Your answer must consist of the lines running from the one that holds "1 Roll of 50 Mixed Dates Wheat Back..." to the end of the data, copied exactly.
Start of GIVEN DATA
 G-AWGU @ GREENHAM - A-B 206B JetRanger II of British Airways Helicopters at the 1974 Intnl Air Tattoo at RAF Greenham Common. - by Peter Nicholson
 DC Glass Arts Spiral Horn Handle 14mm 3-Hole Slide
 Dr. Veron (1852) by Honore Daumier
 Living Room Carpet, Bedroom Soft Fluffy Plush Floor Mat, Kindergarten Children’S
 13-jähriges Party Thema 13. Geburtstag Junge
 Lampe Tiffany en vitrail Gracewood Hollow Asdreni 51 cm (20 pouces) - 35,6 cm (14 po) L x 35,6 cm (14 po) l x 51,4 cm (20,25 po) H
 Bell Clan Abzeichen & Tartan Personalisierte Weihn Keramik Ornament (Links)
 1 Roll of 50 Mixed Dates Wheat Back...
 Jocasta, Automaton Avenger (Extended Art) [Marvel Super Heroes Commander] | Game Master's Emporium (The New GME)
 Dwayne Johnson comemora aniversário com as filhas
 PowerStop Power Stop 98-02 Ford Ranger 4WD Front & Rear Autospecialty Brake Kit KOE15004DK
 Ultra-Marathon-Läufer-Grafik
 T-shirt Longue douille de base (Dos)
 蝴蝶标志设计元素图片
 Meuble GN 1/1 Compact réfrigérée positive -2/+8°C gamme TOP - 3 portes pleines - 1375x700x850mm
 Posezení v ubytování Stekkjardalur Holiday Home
End of GIVEN DATA
### YOUR RESPONSE
 1 Roll of 50 Mixed Dates Wheat Back...
 Jocasta, Automaton Avenger (Extended Art) [Marvel Super Heroes Commander] | Game Master's Emporium (The New GME)
 Dwayne Johnson comemora aniversário com as filhas
 PowerStop Power Stop 98-02 Ford Ranger 4WD Front & Rear Autospecialty Brake Kit KOE15004DK
 Ultra-Marathon-Läufer-Grafik
 T-shirt Longue douille de base (Dos)
 蝴蝶标志设计元素图片
 Meuble GN 1/1 Compact réfrigérée positive -2/+8°C gamme TOP - 3 portes pleines - 1375x700x850mm
 Posezení v ubytování Stekkjardalur Holiday Home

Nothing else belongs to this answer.